Personally, I’ve seen the reading curricula used in schools. I’ve seen more engaging matchbooks. As an instructional designer with no particular insight into how to teach reading, I have to say that I’m horrified. It’s no wonder kids don’t want to read. The stuff they’re required to read is stultifyingly boring. At a point where you need kids to get practice in reading and interpreting text, why not give them something they want to read? Why not give them some kind of incentive for digging deeper? There’s a well-known axiom in education that says that doing is better than showing and showing is better than telling.
Well, in the case of reading, why not use a MOO and have the students create the space. What do they need to do? Read. And as they read, they gain practice in reading. They gain insight into sentence construction and the power of words. They test themselves and their reading skills against the documentation and the computer and each other to create good, solid, tight text. They learn to recognize flabby prose and appreciate obfuscating structures. They learn reading has value and they learn it in a context that — if properly positioned — is not merely engaging but consuming.

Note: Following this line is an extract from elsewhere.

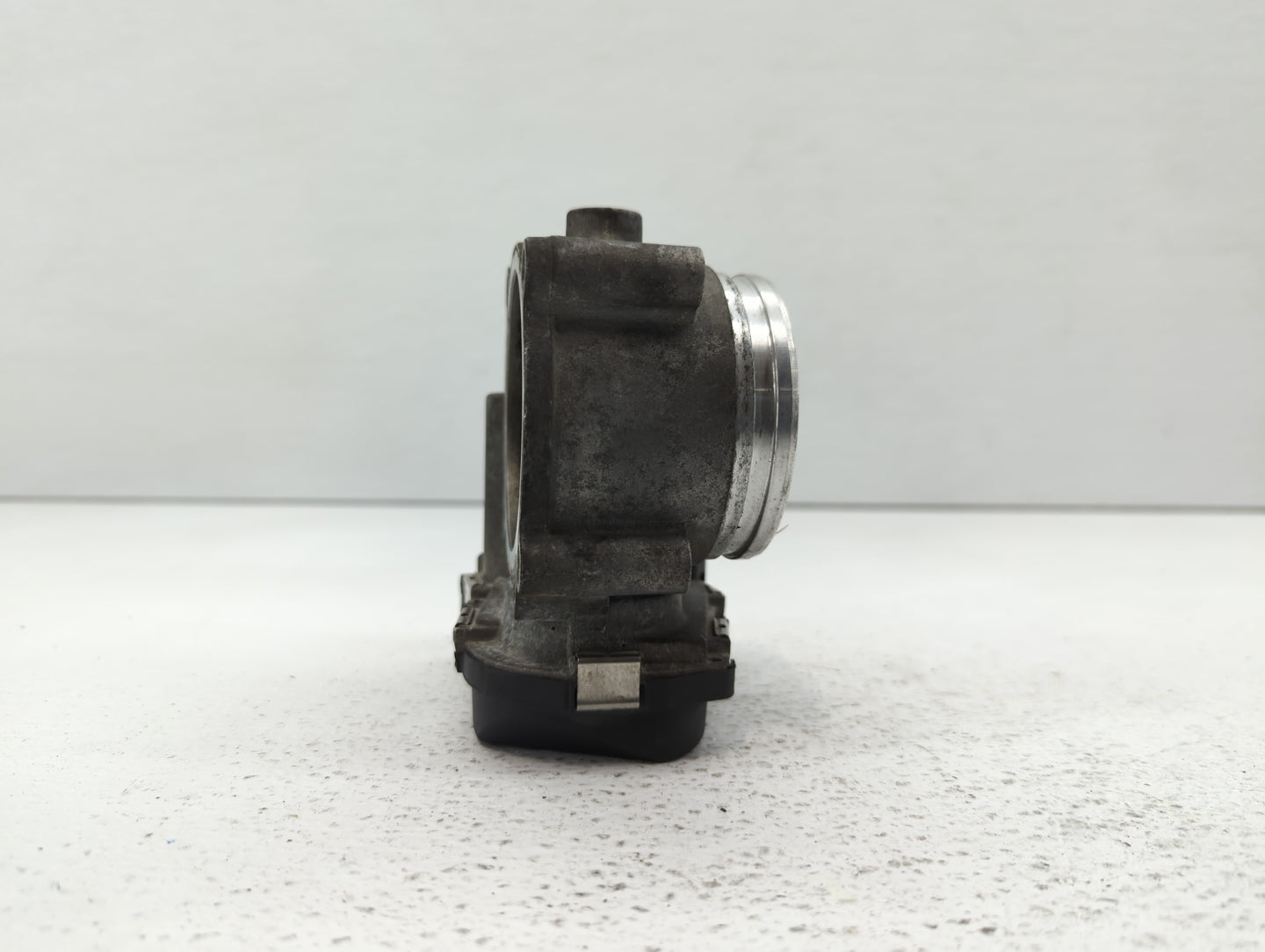 2011-2019 Audi Q7 Throttle Body P/N:06E 133 062 H 06E 133 062 G Fits OEM Used Auto Parts - Oemusedautoparts1.com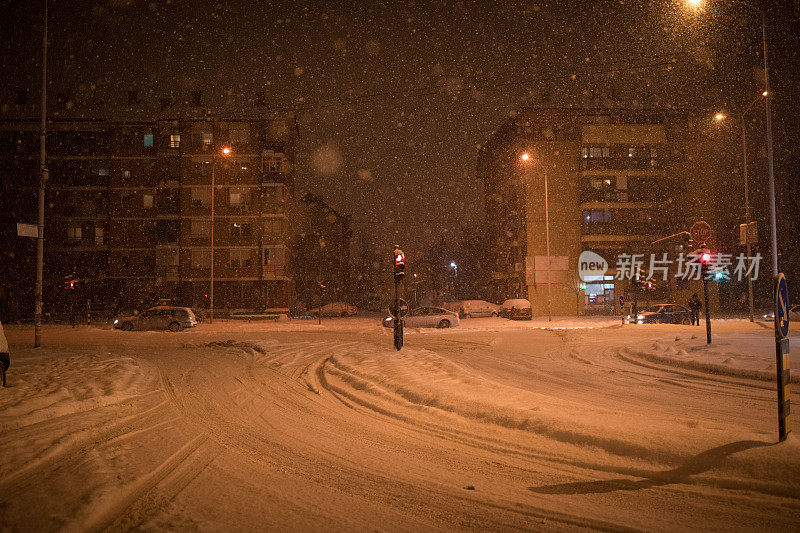 雪夜在城中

In reality, many of you taking this class don’t have those kinds of resources available and are dealing with kids that are too young to read thru Lydia Leong’s MOO programming manuals. For younger kids, just get them to play in the MUDs or participate in the role-play in MOOs. There are plenty of family friendly spaces out there. And there are plenty of opportunities to engage them in online reading that do not involve playing “Jeopardy” clones or taking online quizzes in thinly devised games.
Your goal as educators is to foster learning. In considering the uses of immersive environments — and when you think about it, distance education is all about creating a kind of immersive environment — you need to get over the classroom. MOOs and MUDs give you an opportunity to begin thinking about what that means in new and creative ways.